I've started to feel guilty recently. Like, that I'm not involved enough with Sunshine and her parents. Like, that by going on with my own life I'm forgetting her and not keeping her as a priority in my life.
I was reading an old blog post, and I said "I'll never stop missing her, but I'll get used to it." And I realized that is exactly what has happened. I've gotten used to not being pregnant. I've gotten used to the idea that I had a baby and now she's out there going on about her life without me. And that's okay, I can go on with mine. I miss her, always, but I'm used to it and therefore I am a fully functonal human being with a life and a future.

But at the same time, I'm the kind of person who is pretty good at putting my emotions in a box and leaving them there. I just push them away and don't worry about it anymore. That's pretty much how I have made it through the first few months of Sunshine being gone.

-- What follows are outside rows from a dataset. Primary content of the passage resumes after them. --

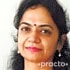 Dr. Smita Vaid Gynecologist in Jaipur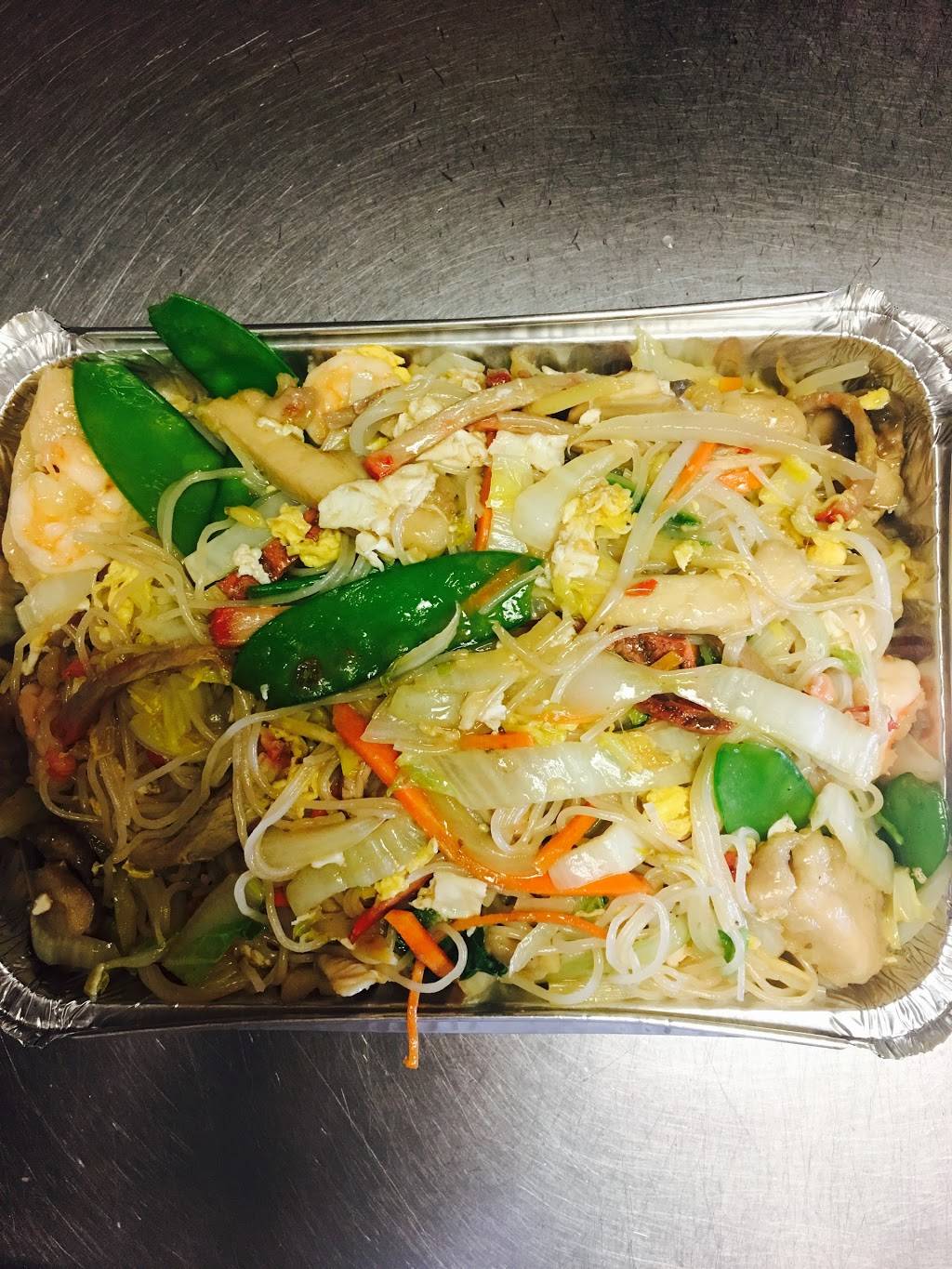 Takee Outee | restaurant | 3408 E Lake Rd S, Palm Harbor, FL 34685, USA | 7277873898 OR +1 727-787-3898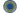 H3779I_1 (2017-03-01 08:32:13)
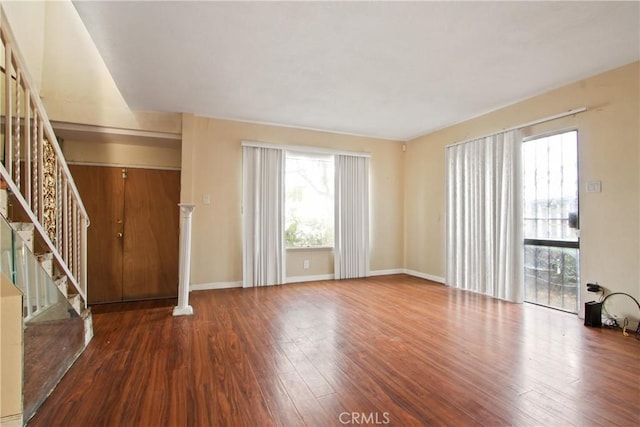 2205 N Pannes Ave, Compton, CA 90221 - photo 4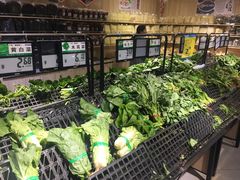 -乐海城市广场(同安店)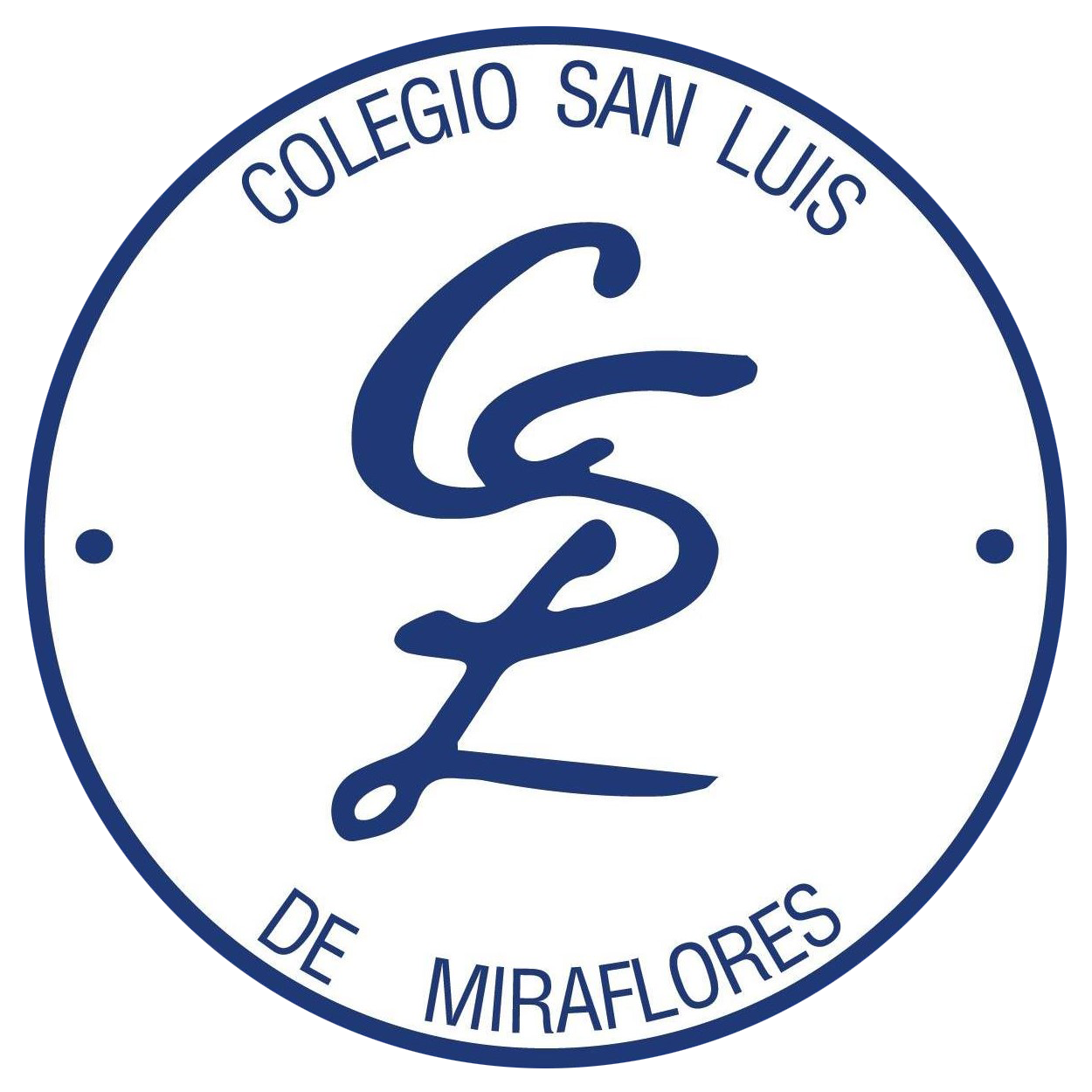 Logotipo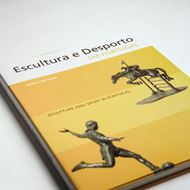 Picture of Publicações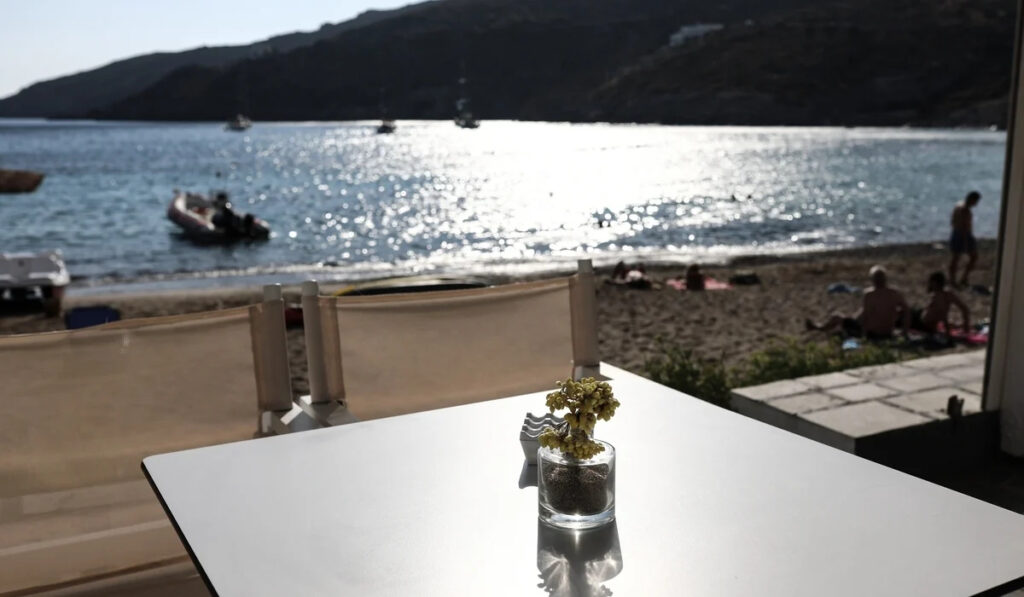 Κοινωνικός Τουρισμός 2023: Εδώ οι αιτήσεις από 15/7 – Οι δικαιούχοι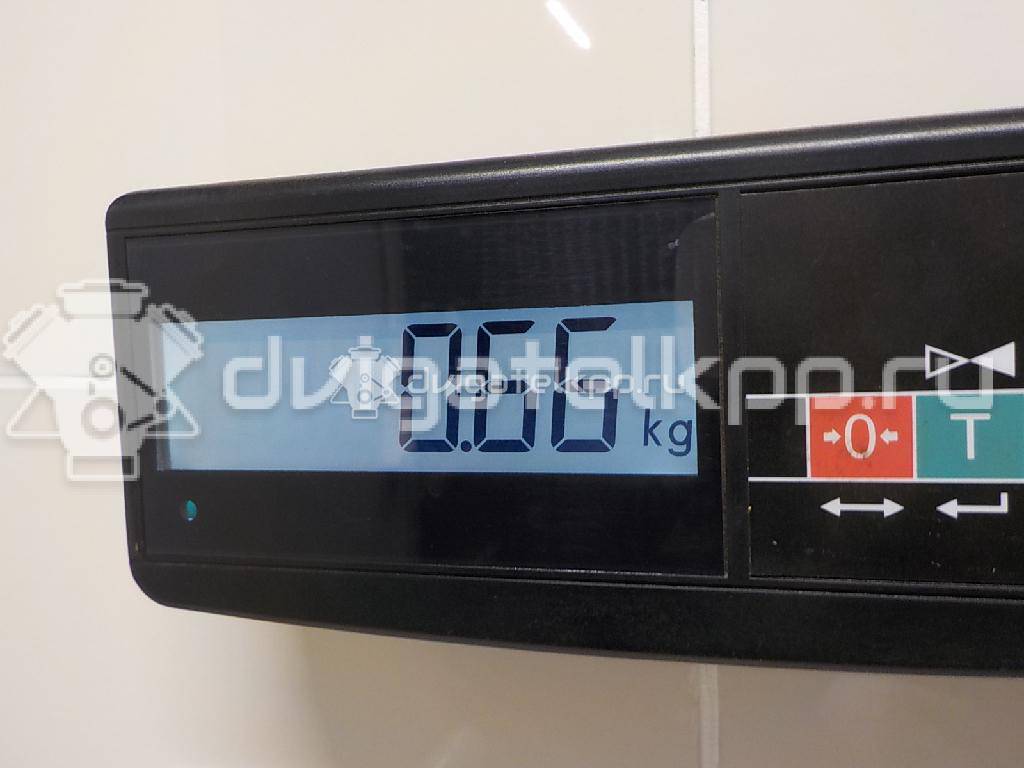 Фото Опора КПП задняя  112383734r для Nissan Qashqai {forloop.counter}}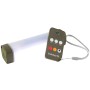 Trakker Nitelife Bivvy Light Remote 150 3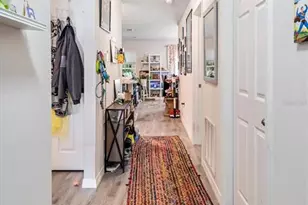 29 Wellham Ln, Palm Coast, FL 32164 - Photo 22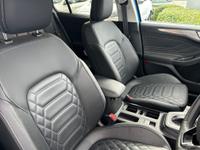 Ford Focus Photo 11
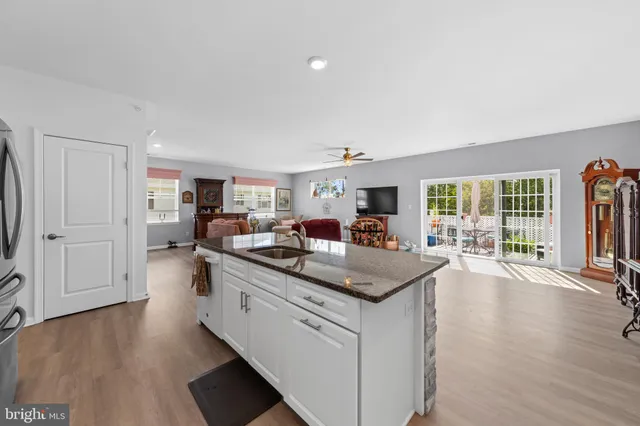 $415,000 | 24525 Merlot Drive, Lewes, DE 19958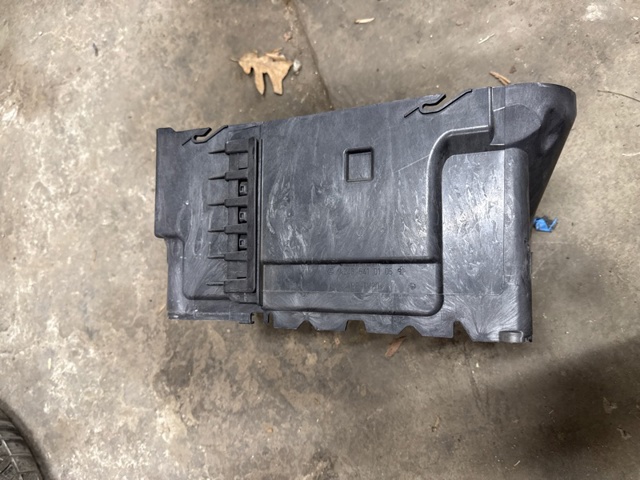 NISSAN 244865DA0A в наличии Каменское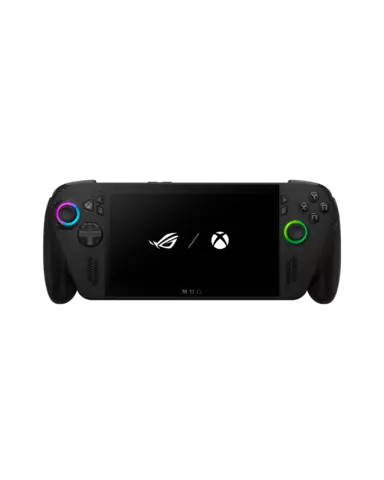 Consola Portátil Asus ROG XBOX Ally Z2 Extreme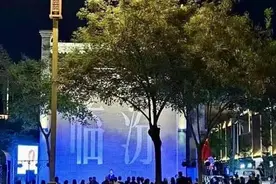 感受家乡春节风俗 领略传统文化魅力图片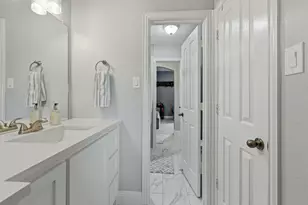965 Fall Creek, Grapevine, TX 76051 - Photo 27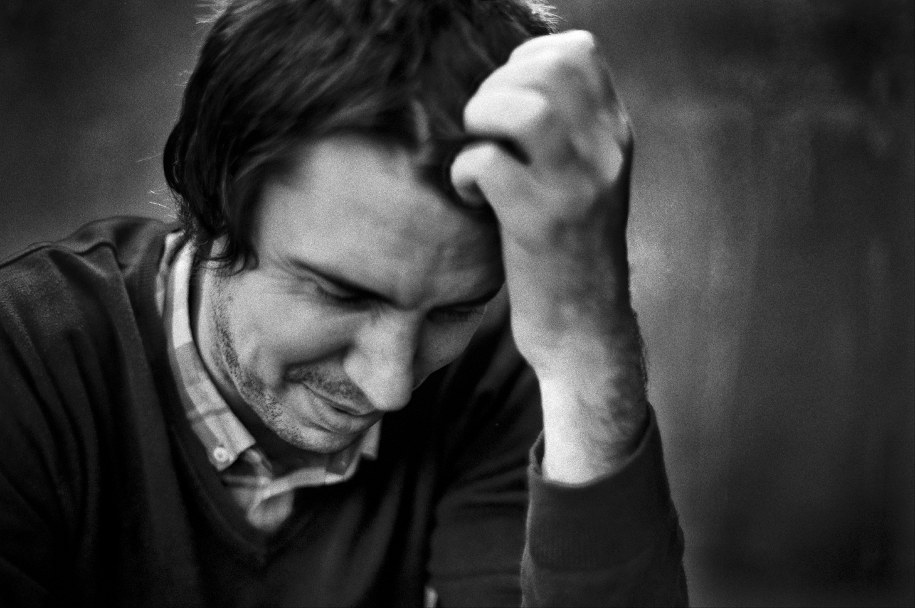 /Bogdan Frymorgen /RMF FM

The worst part is, sometimes I lose that box, and I forget I even have those emotions so I just think everythings okay, until one day when I'm rummaging around in my mind I find that box, and I peek inside to see whats there...and out comes something I'm not prepared for.
And I feel one of those moments coming on right now. I avoid thinking about how I felt when Sunshine was born, or my life before that, or the few long days after it. Because I'm okay when I don't think about it to hard. I can tell you the whole story and be just fine, but if you want to know how I felt when it happened...you better find me some tissues.

2 comments:

  1. I feel the same way. I know which memories/feelings to not think about- the ones that will cause the tears to flow.

    I don't think you need to feel guilty. It is good to move forward with life. The thing guilt is useful for is telling us when we need to repent and change. It's okay to let her become the priority in someone else's life, and let other things become your priorities.